▶ Exercise directions
Within the entries below, please retype exactly the lines starting with the line that has "Gnad, Stefan (geboren" and going on through the line that has "150 Forrest Alley, Roswell, GA 30075", but not the pictures.
*** Opening of Material for this task ***
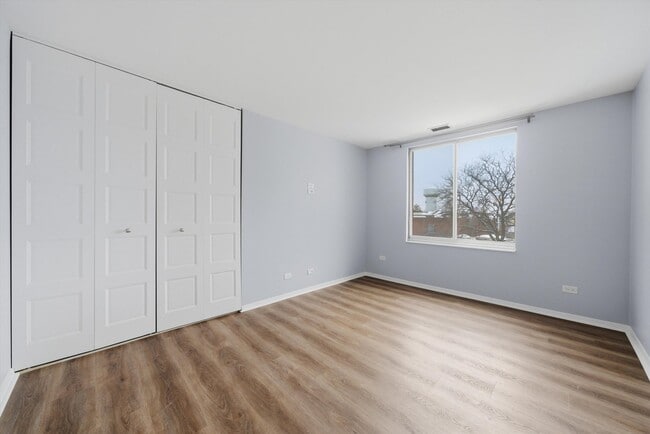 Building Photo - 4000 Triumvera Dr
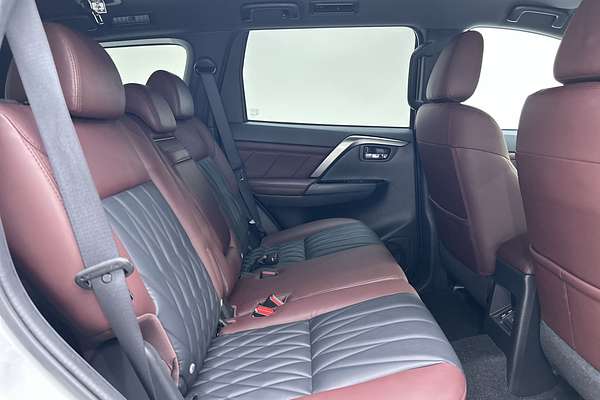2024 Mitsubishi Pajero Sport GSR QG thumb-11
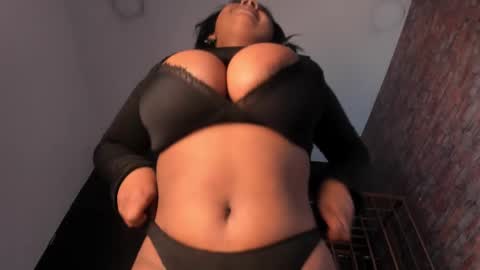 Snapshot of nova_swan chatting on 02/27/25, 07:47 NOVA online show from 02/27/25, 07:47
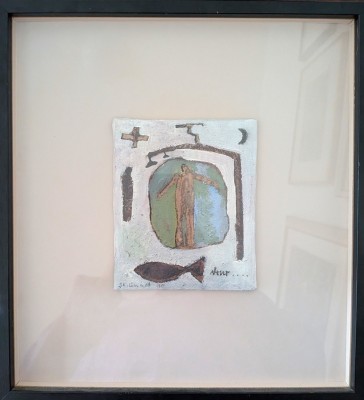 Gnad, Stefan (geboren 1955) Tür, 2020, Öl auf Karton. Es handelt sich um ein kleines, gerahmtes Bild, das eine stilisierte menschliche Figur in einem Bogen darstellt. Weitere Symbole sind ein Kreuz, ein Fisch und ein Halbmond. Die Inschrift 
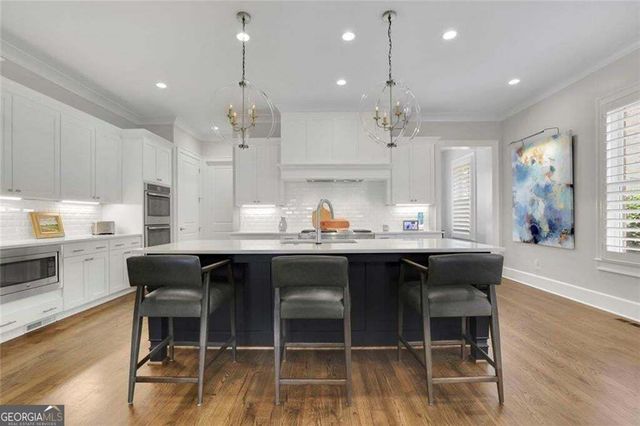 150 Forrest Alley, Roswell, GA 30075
*** Close of Material for this task ***
*** Opening of Material for this task ***
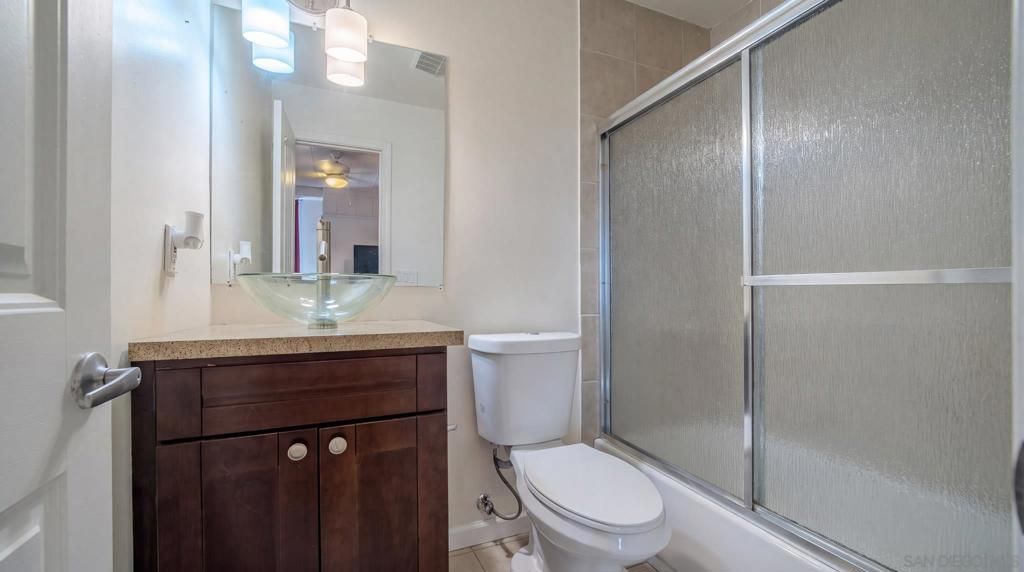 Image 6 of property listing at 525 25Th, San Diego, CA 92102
*** Close of Material for this task ***
▶ Solution to the problem
 Gnad, Stefan (geboren 1955) Tür, 2020, Öl auf Karton. Es handelt sich um ein kleines, gerahmtes Bild, das eine stilisierte menschliche Figur in einem Bogen darstellt. Weitere Symbole sind ein Kreuz, ein Fisch und ein Halbmond. Die Inschrift 
 150 Forrest Alley, Roswell, GA 30075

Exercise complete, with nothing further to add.